The indentures permit the holders of at least a majority in aggregate principal amount of the outstanding debt securities of any series issued under the indenture which is affected by the modification or amendment to waive our compliance with certain covenants contained in the indentures.

Payment and Paying Agents

Unless otherwise indicated in the applicable prospectus supplement, payment of interest on a debt security on any interest payment date will be made to the person in whose name a debt security is registered at the close of business on the record date for the interest.

Unless otherwise indicated in the applicable prospectus supplement, principal, interest and premium on the debt securities of a particular series will be payable at the office of such paying agent or paying agents as we may designate for such purpose from time to time. Notwithstanding the foregoing, at our option, payment of any interest may be made by check mailed to the address of the person entitled thereto as such address appears in the security register.

Unless otherwise indicated in the applicable prospectus supplement, a paying agent designated by us will act as paying agent for payments with respect to debt securities of each series. All paying agents initially designated by us for the debt securities of a particular series will be named in the applicable prospectus supplement.

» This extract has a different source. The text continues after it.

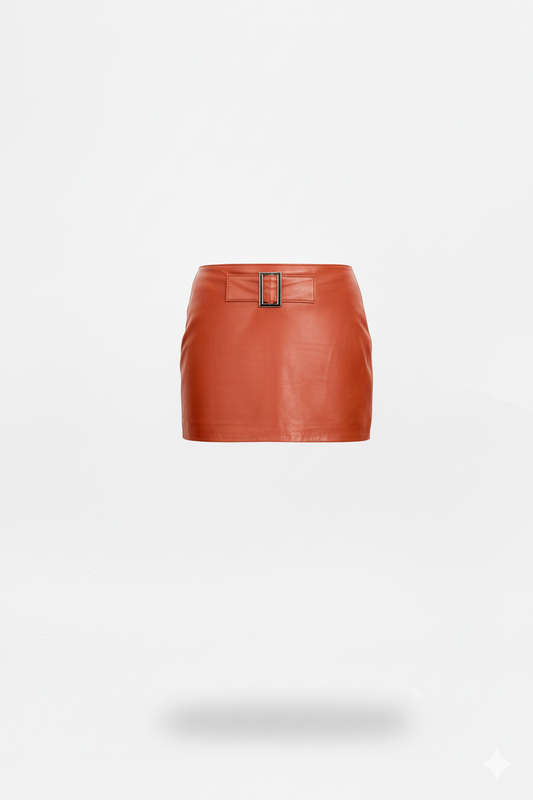 Women's Rust Orange Leather Skirt  | Ember Curve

We may at any time designate additional paying agents or rescind the designation of any paying agent or approve a change in the office through which any paying agent acts, except that we will be required to maintain a paying agent in each place of payment for the debt securities of a particular series.

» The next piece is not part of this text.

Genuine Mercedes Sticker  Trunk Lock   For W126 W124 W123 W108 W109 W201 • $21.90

All moneys paid by us to a paying agent for the payment of the principal, interest or premium on any debt security which remain unclaimed at the end of two years after such principal, interest or premium has become due and payable will be repaid to us upon request, and the holder of such debt security thereafter may look only to us for payment thereof.

Denominations, Registrations and Transfer

Unless an accompanying prospectus supplement states otherwise, debt securities will be represented by one or more global certificates registered in the name of a nominee for The Depository Trust Company, or DTC. In such case, each holder’s beneficial interest in the global securities will be shown on the records of DTC and transfers of beneficial interests will only be effected through DTC’s records.

A holder of debt securities may only exchange a beneficial interest in a global security for certificated securities registered in the holder’s name if:

·                                          we deliver to the trustee notice from DTC that it is unwilling or unable to continue to act as depository or that it is no longer a clearing agency registered under the Exchange Act and, in either case, a successor depositary is not appointed by us within 120 days after the date of such notice from DTC;

·                                          we in our sole discretion determine that the debt securities (in whole but not in part) should be exchanged for definitive debt securities and deliver a written notice to such effect to the trustee; or

·                                          there has occurred and is continuing a default or event of default with respect to the debt securities.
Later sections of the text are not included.